Amante della bellezza, in che cosa identifichi appunto la beltà e sei del parere che esista il bello universale? “Sono del parere che sì, esista una bellezza universale ma che sia sbagliato come viene descritta questa Bellezza… Essa non è la bellezza estetica-esteriore, sebbene talvolta influisca nel giudizio che si ha anche quest’ultima. Io ritengo che il Bello sia e che dipenda soprattutto dalla luce che si possiede dentro di sé e dall’energia che si emana. Il bello universale è l’anima che l’artista trasferisce in una determinata opera, è il concetto di base – ed è, ciò, quanto rende ai miei occhi (e tuttavia ho notato anche agli occhi di tante altre persone) qualcosa o qualcuno davvero bellissimo. Esiste pure la bellezza soggettiva, ovvio… tant’è che quello che piace a me può non piacere a qualcun altro però, di base, a mio avviso è molto importante soffermarsi a vedere la luce fuori e dentro quello su cui si posa lo sguardo”.    

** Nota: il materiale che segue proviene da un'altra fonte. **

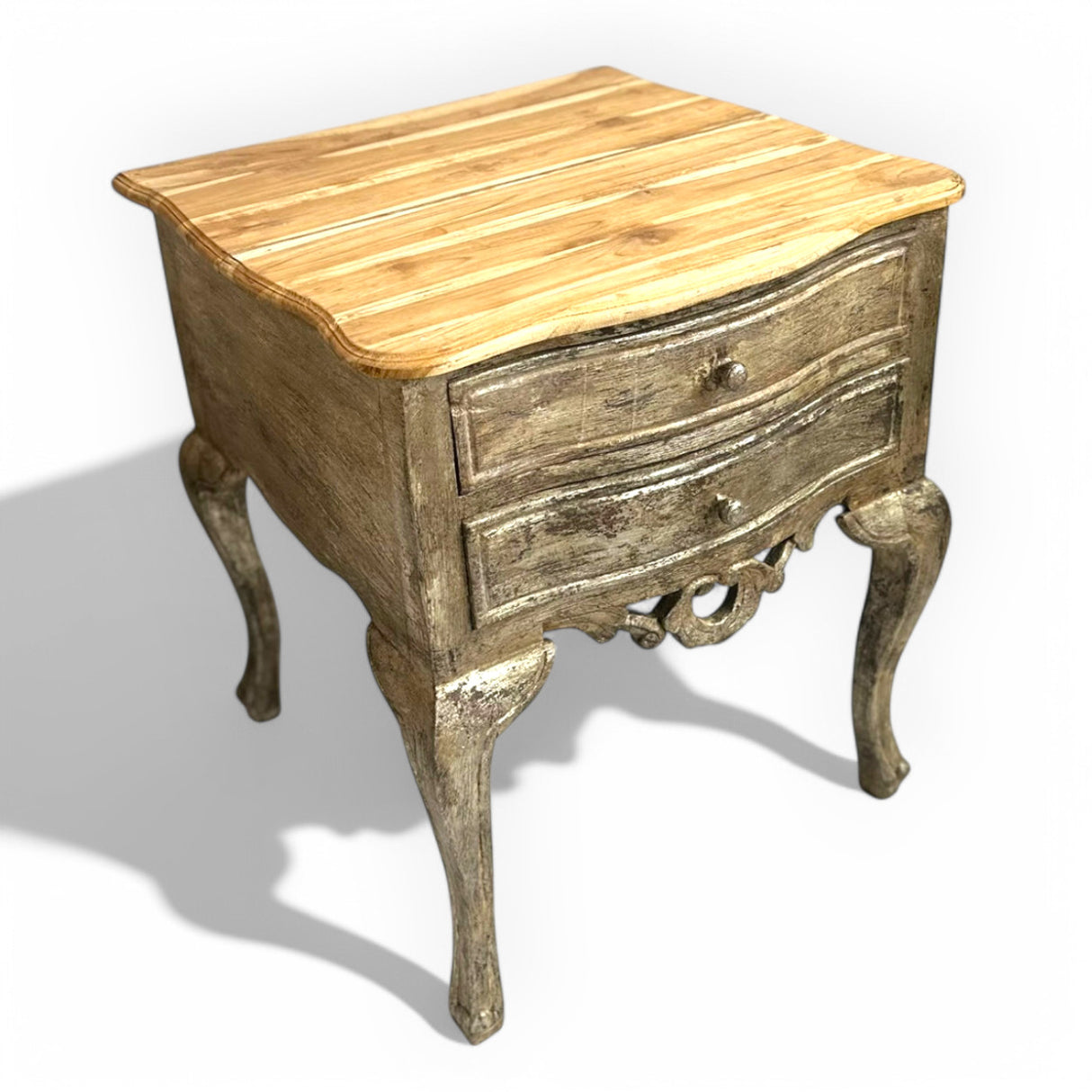 Classic Bedside Table | Antique Gold, Bali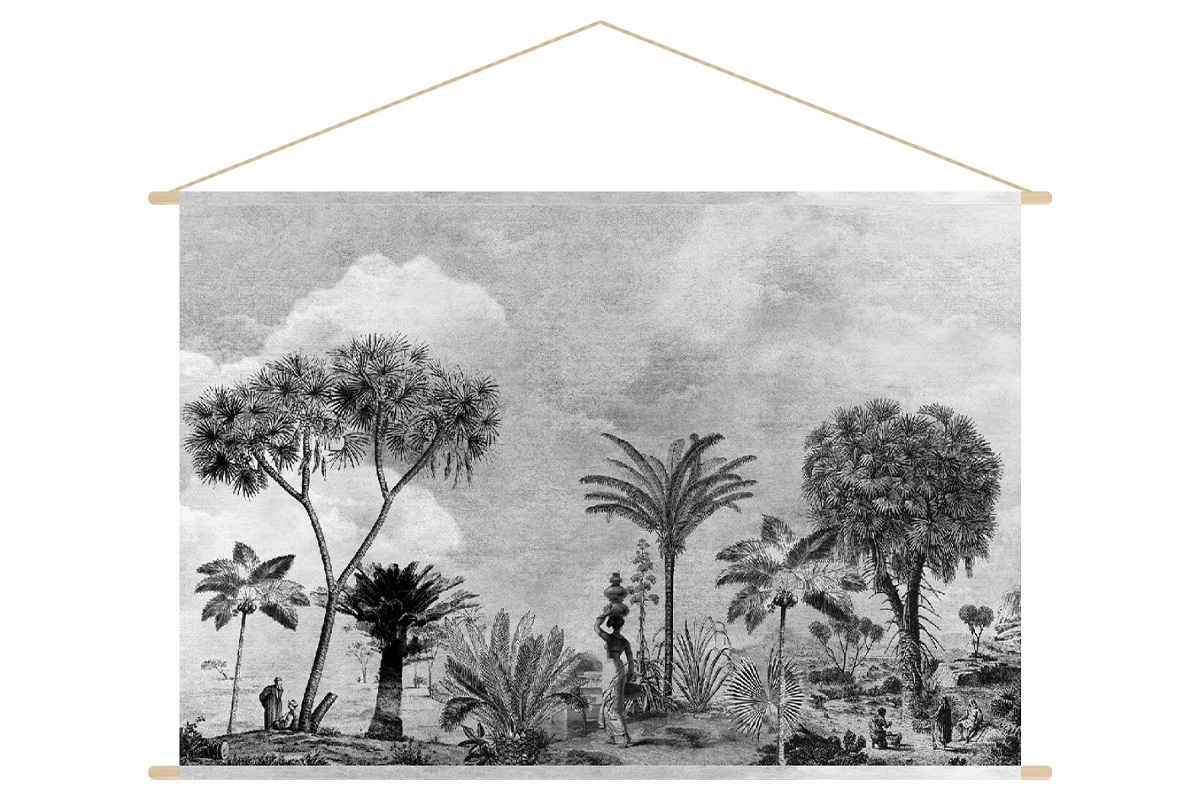 Kakemono tnico blanco y negro 150נ100cm BAMAKO
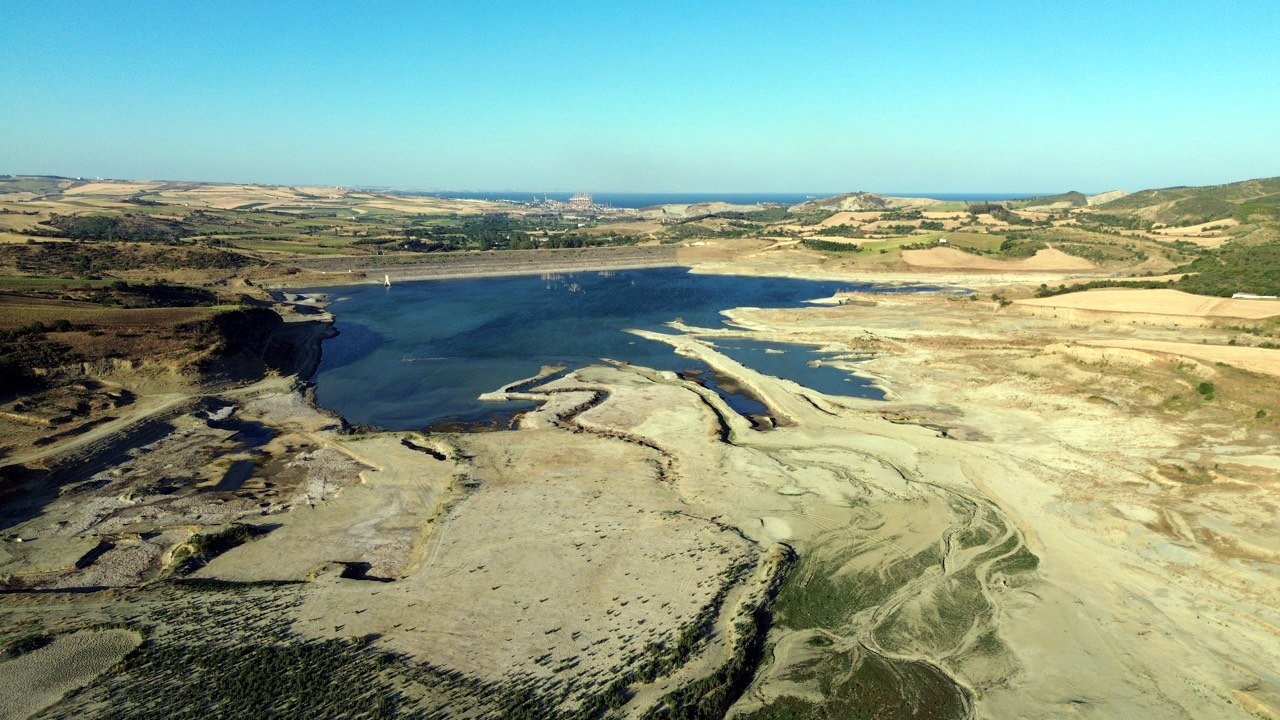 Tekirdağ'daki Naip Barajı’nda su seviyesi, yüzde 1’in altına düştü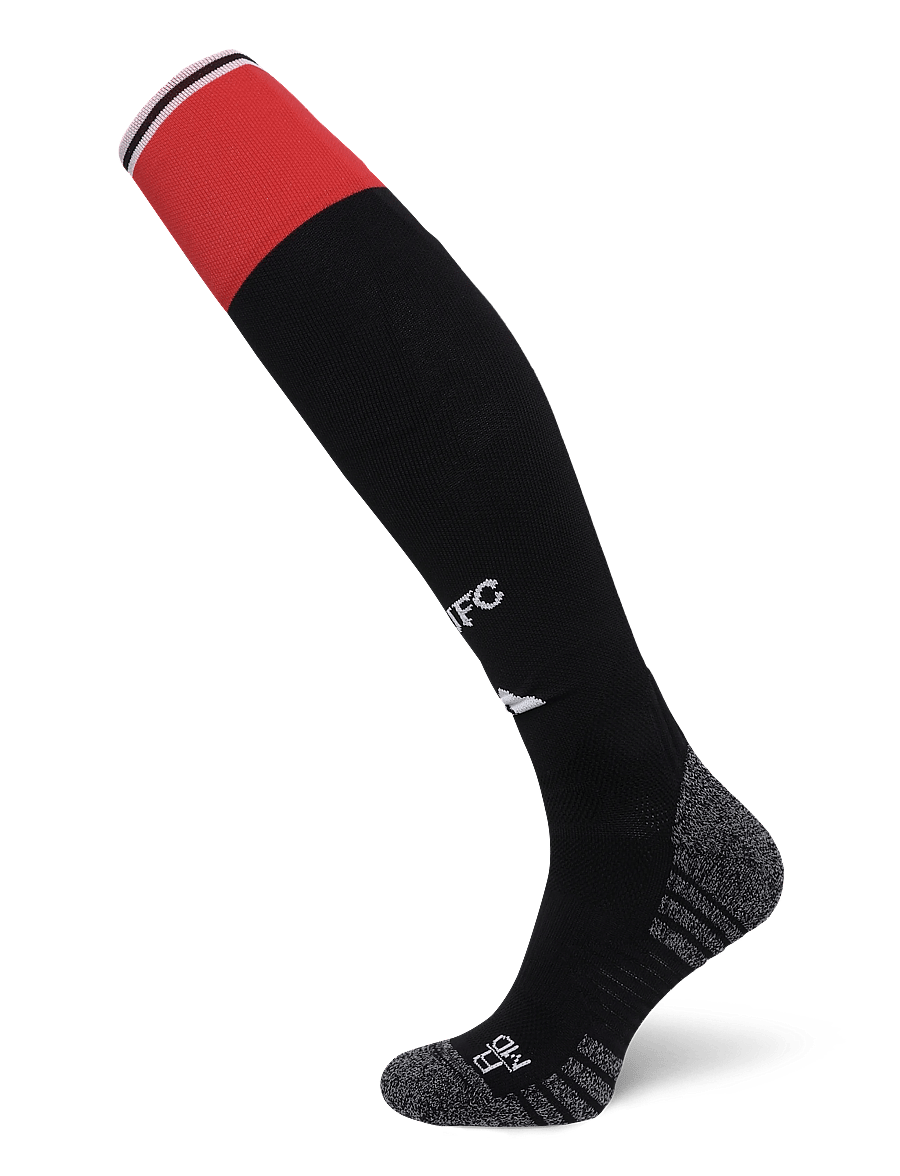 adidas Performance - MUFC H SO - fodboldsokker - black - 0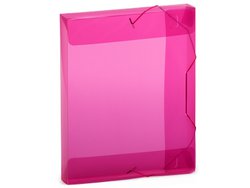 Pasta pvc com elastico plascony 4,0cm rosa - a40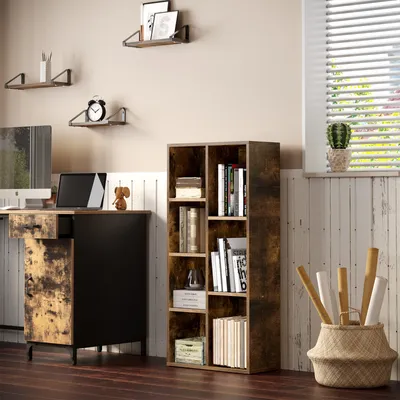 Produktbild von VASAGLE Bücherregal Standregal, mit 7 Fächern, Würfelregal, 24 x 50 x 106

Quanto ti sembra che sia importante, soprattutto nella carriera di un personaggio pubblico, l’immagine? Pensi che essa, l’immagine appunto, possa e debba veicolare efficacemente significati emozionali e intellettivi, d’impegno verso un qual certo “quid”, psicologici a riguardo di sé e di coloro con i quali ci si interfaccia e che ne sia un indicatore di verità o di che cosa ti pare che sia indice l’esteriorità? “Tutti dicono che l’immagine sia molto importante, io sono parzialmente d’accordo con quello che viene affermato dal più della gente. A me piace tanto la semplicità e questo nonostante il fatto che gli abiti che creo siano, talvolta, non poco complicati e parecchio ricamati… di base, però, sono appunto una persona semplice. A volte mi piace agghindarmi, altre volte no e non do eccessivamente peso a quello che dicono o a quello che possono pensare le persone di me – sicuramente aiuta avere una preparazione d’immagine e seguire una cosiddetta linea, ma io non mi sento un personaggio pubblico e dunque non mi interessa ciò [N.d.R. ride, dal profondo di sé]. Io voglio solo essere me stessa ché tanto quello che ho dentro me, in qualche modo, arriva alle persone e questo è l’essenziale. Ritengo che sia fondamentale essere sempre se stessi e non snaturarsi mai perché, prima o poi, sennò si perde la propria vera essenza”.   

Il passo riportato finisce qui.